Up until this point, we have been laying the ground work for the ontological argument without really knowing how it all contributes to the outcome of God’s existence. In this blog, we will actually set out the argument and consider some initial objections.

“God” in the Ontological Argument

Because of the limitations of natural theology, the word “God” does not refer to any particular deity in any religion. In addition, as far as the ontological argument is concerned, it is actually more helpful to re-identify God as a “maximally great being.” This maximally great being is one who possesses all great-making properties to the highest degree in every possible world (this definition will be explored later in greater detail). With the necessary framework in place, we are now ready to look at the premises of the modal ontological argument in a formal arrangement:

• It is possible that a maximally great being exists.
• If it is possible that a maximally great being exists, then this being exists in some possible world.
• If a maximally great being exists in some possible world, then this being exists in every possible world.
• If a maximally great being exists in every possible world, then this being exists in the actual world.
• If a maximally great being exists in the actual world, then a maximally great being exists.
• Therefore, a maximally great being exists. [1]

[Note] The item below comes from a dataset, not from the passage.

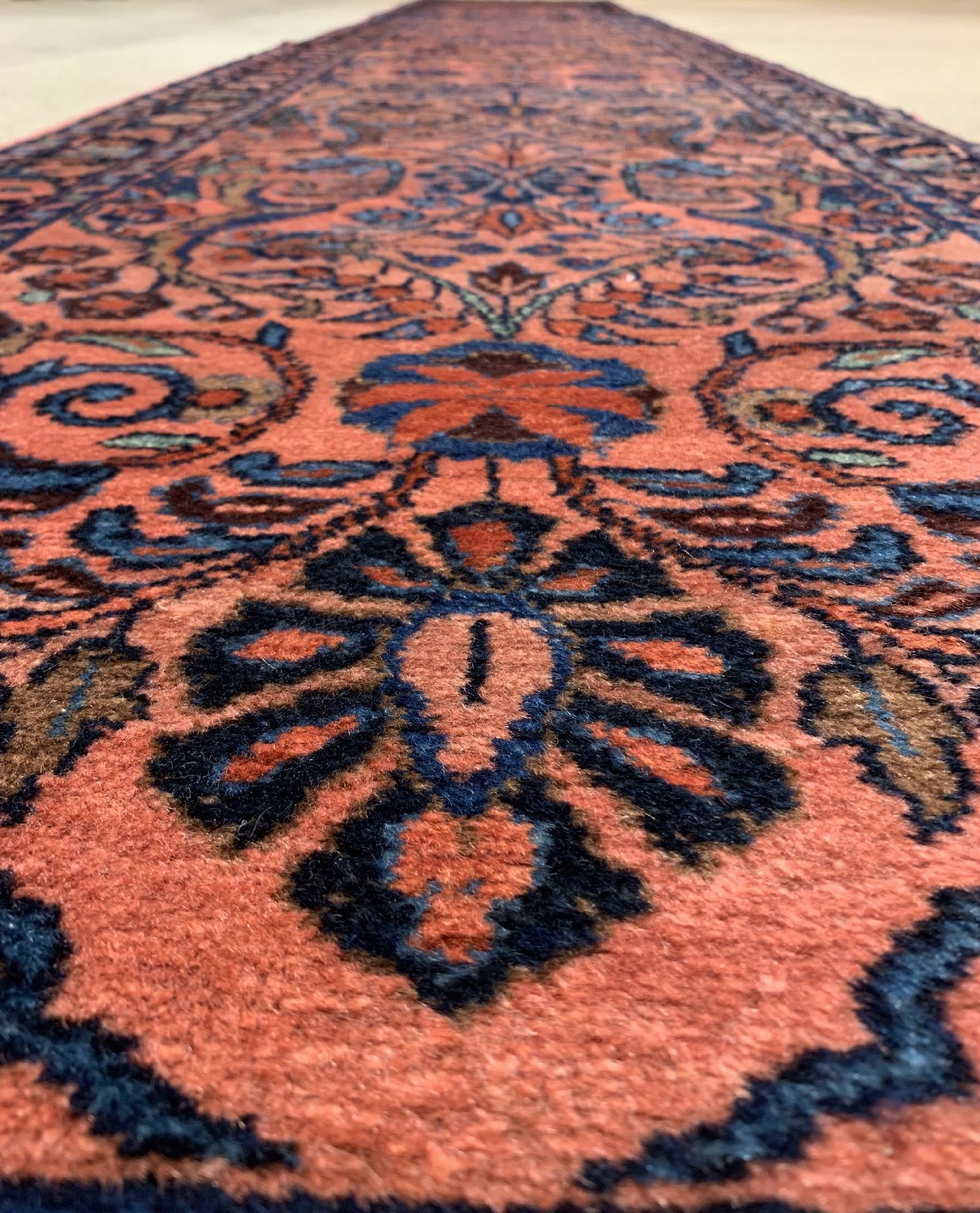 Detail e: Antiker Lilian, Persien, um 1910, Wolle geknüpft auf Baumwolle, ca. 505 x 78 cm, EHZ: 2(guter Zustand).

Ignoring for a moment whether or not you think the argument is ridiculous, it is at least easy to see that the argument is logically valid. That is, one can see that the conclusion follows inescapably from the other premises. Since the argument is logically valid, the only other condition that must be met for it to be sound is that the premises be true. This being the case, we will turn our attention to one of the more difficult premises.

If in One, Then in All?

At first glance, there seems to be something self-serving or contrived about premise 3: If a maximally great being exists in some possible world, then this being exists in every possible world. To help work through this obstacle, recall the equation we used last time to aid our thinking about epistemic and metaphysical possibility: (√784 – 18)² = 3⁴ + 19. Mathematical equations, because of the nature, are either necessary or impossible – they are either true in every possible world or no possible world. To help yourself out, you can plug this particular equation into a calculator and see for yourself that the equation really is true. Knowing that the equation is true, we can use it in a sort of round-about way to illustrate what is going on with premise 3. Using the structure of the ontological argument, consider this example:

• It is possible that (√784 – 18)² = 3⁴ + 19 is true. (Remember, “possible” means actually, metaphysically possible, not epistemically possible for all we know.)
• If it is possible that (√784 – 18)² = 3⁴ + 19 is true, then this equation is true in some possible world.
• If (√784 – 18)² = 3⁴ + 19 is true in some possible world, then this equation is true in every possible world.
• If (√784 – 18)² = 3⁴ + 19 is true in every possible world, then this equation is true in the actual world.
• If (√784 – 18)² = 3⁴ + 19 is true in the actual world, then this equation is true.
• Therefore, this equation is true.

When this equation is used in the argument instead of a maximally great being, premise 3 becomes much less controversial. This is because we already know that true mathematical equations are the kinds of things that are necessary. In the same way, a maximally great being is one, by its very nature, that is also necessary. Think, which being would be greater: The one who is responsible for the creation of a single possible world, or the one who is responsible for the creation of a hundred possible worlds? Clearly, the maximally great being would be responsible for the creation of every possible world. By definition, therefore, a maximally great being is one who exists in every possible world. And if this being did not exist in every possible world, then he would not be maximally great.

Conclusion

Making the jump from a possible world to the actual world is not as far-fetched as one might first imagine. It works perfectly fine when applied to true mathematical equations because those are the kinds of things that are necessary. The claim, therefore, is that a maximally great being is also the kind of thing that is necessary. It seems easy to show that such a being would have to be necessary if his existence were possible, and so the possibility of this being’s existence will be explored in-depth in the coming blogs.

[1] Craig, William Lane. Reasonable Faith: Christian Truth and Apologetics, third edition, p. 184-85.